Directions >>
Starting at the first line of the entries below, please return exactly each line up to and including the one with "Sterling Silver Garnet/Jasper/Bwn"; pictures stay out.

Input material >>

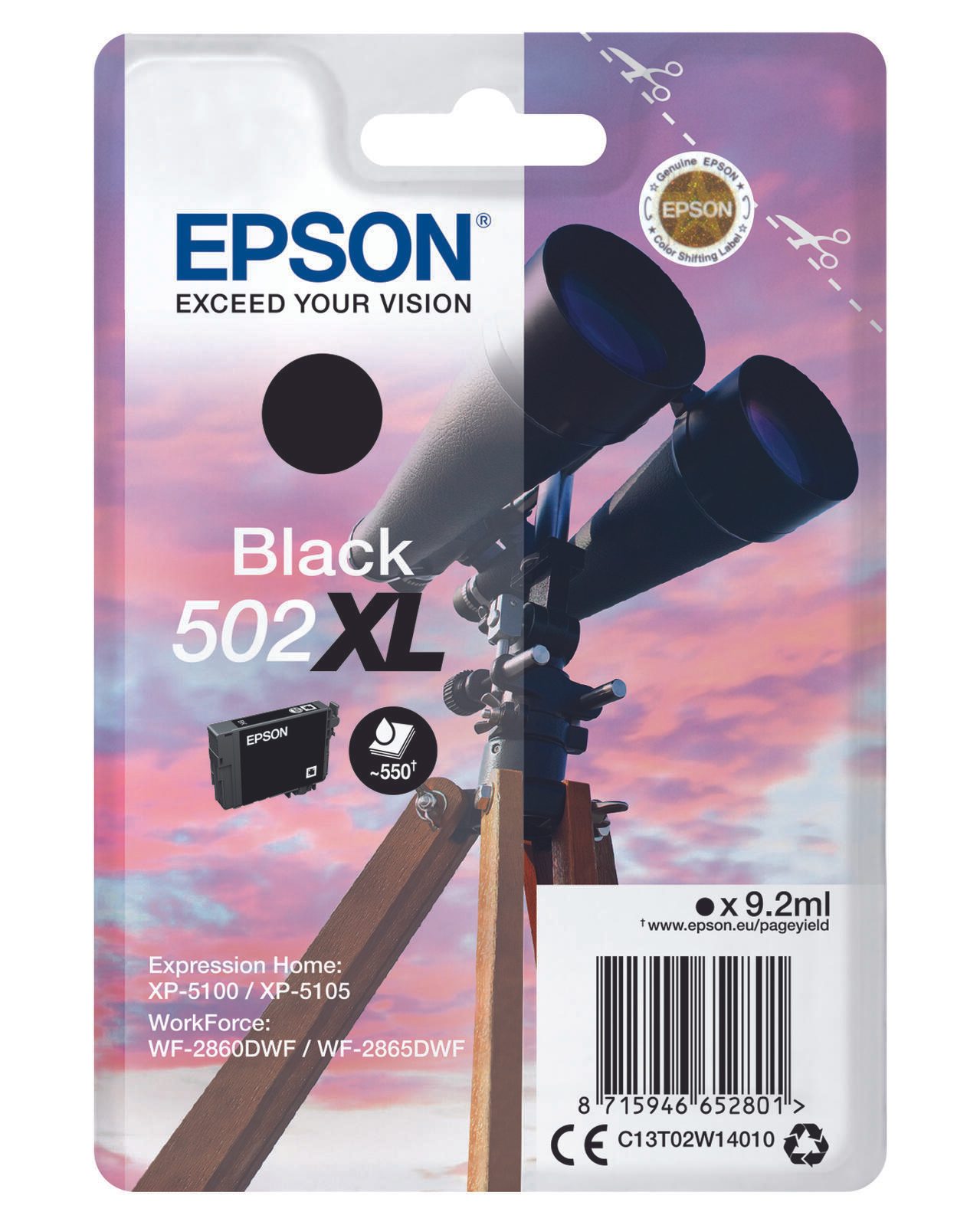 Epson ink cartridge black 502 XL                    T 02W1 kārtridžs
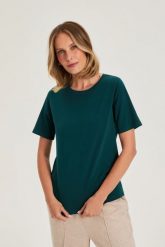 T-shirt z bawełny zielony. Zielone t-shirty damskie MOODO, l, bez wzorów, z bawełny, bez kołnierzyka, bez ramiączek. Za 39.99 zł.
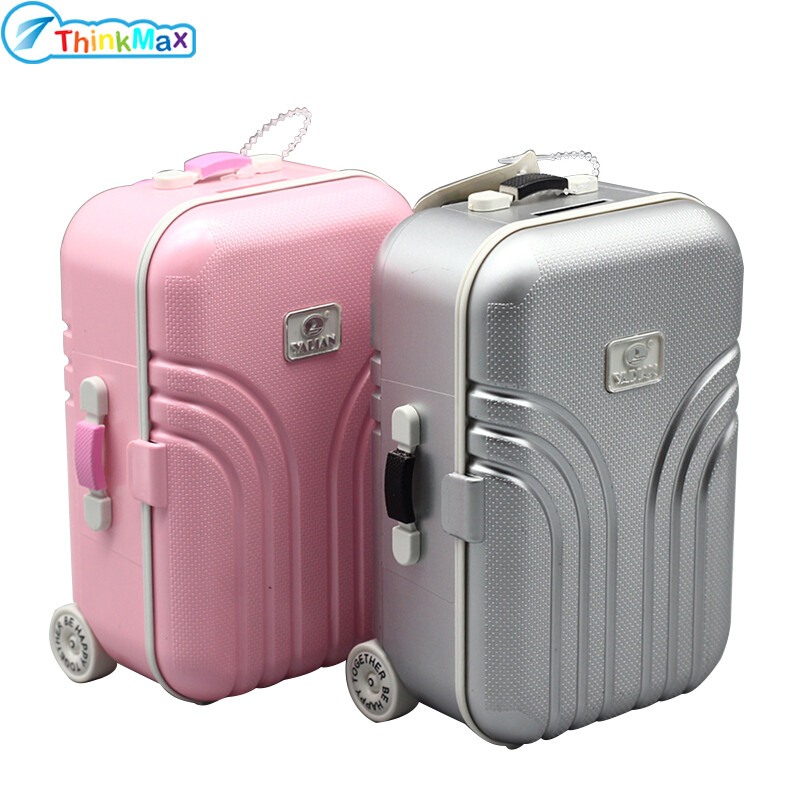 Cute Plastic Rolling Suitcase Mini Luggage Box for BJD Dolls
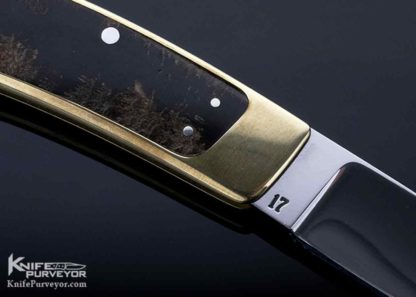 Ron Lake Custom Knife Brass Interframe Cape Buffalo Horn Tail Lock - Image 5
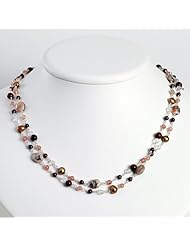 Sterling Silver Garnet/Jasper/Bwn & Reddish Cult.Pearl/Wh.Jade Necklace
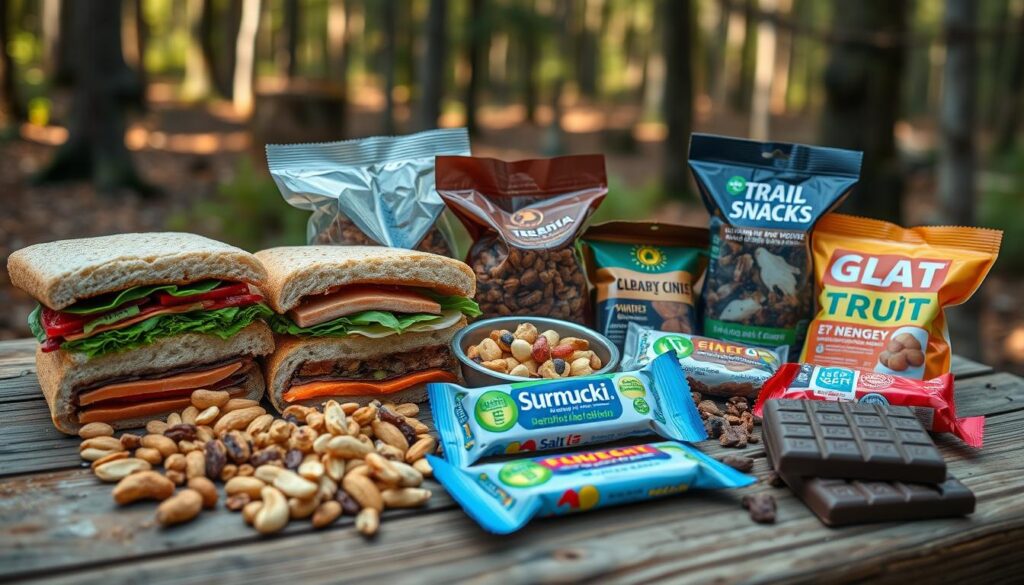 Diversos lanches para trilha dispostos sobre uma mesa de madeira ao ar livre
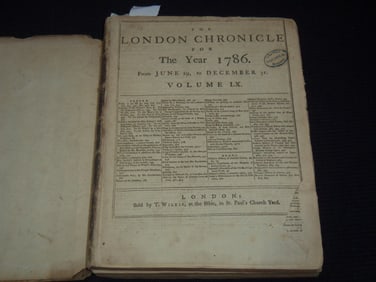 1786 JUNE-DECEMBER THE LONDON CHRONICLE MAGAZINE BOUND VOLUME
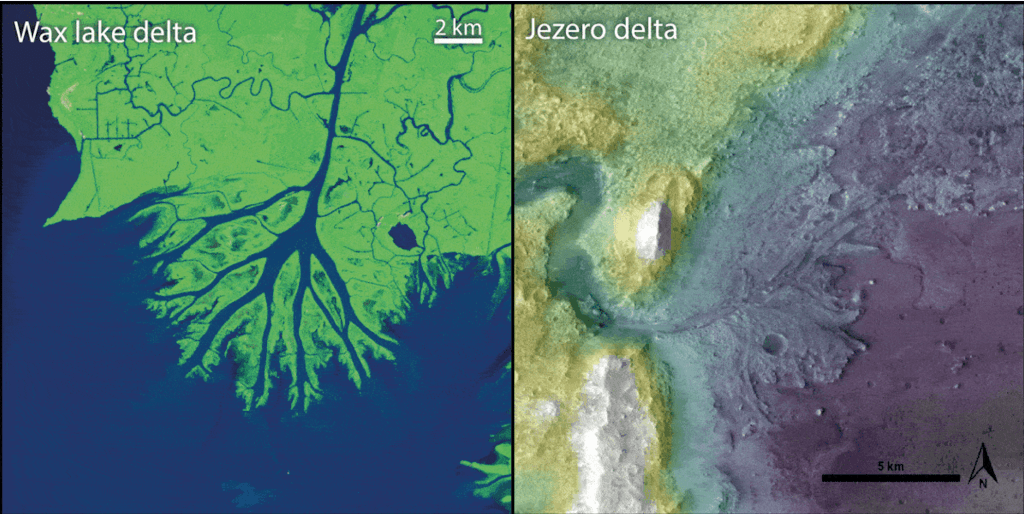 deltas en tierra y marte
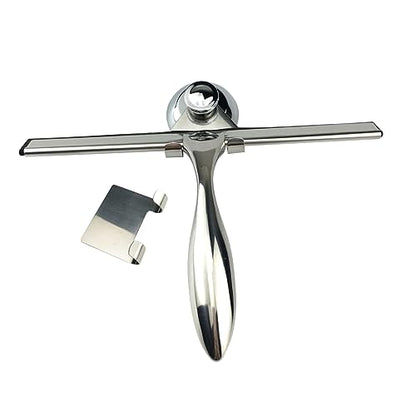 3pcs Stainless Steel Shower Squeegee Set Bathroom Water Scraper for Glass Doors Includes Suction Cup Holder and Hooks for Cleaning Shower Tiles and Windows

Response below >>
 Epson ink cartridge black 502 XL                    T 02W1 kārtridžs
 T-shirt z bawełny zielony. Zielone t-shirty damskie MOODO, l, bez wzorów, z bawełny, bez kołnierzyka, bez ramiączek. Za 39.99 zł.
 Cute Plastic Rolling Suitcase Mini Luggage Box for BJD Dolls
 Ron Lake Custom Knife Brass Interframe Cape Buffalo Horn Tail Lock - Image 5
 Sterling Silver Garnet/Jasper/Bwn & Reddish Cult.Pearl/Wh.Jade Necklace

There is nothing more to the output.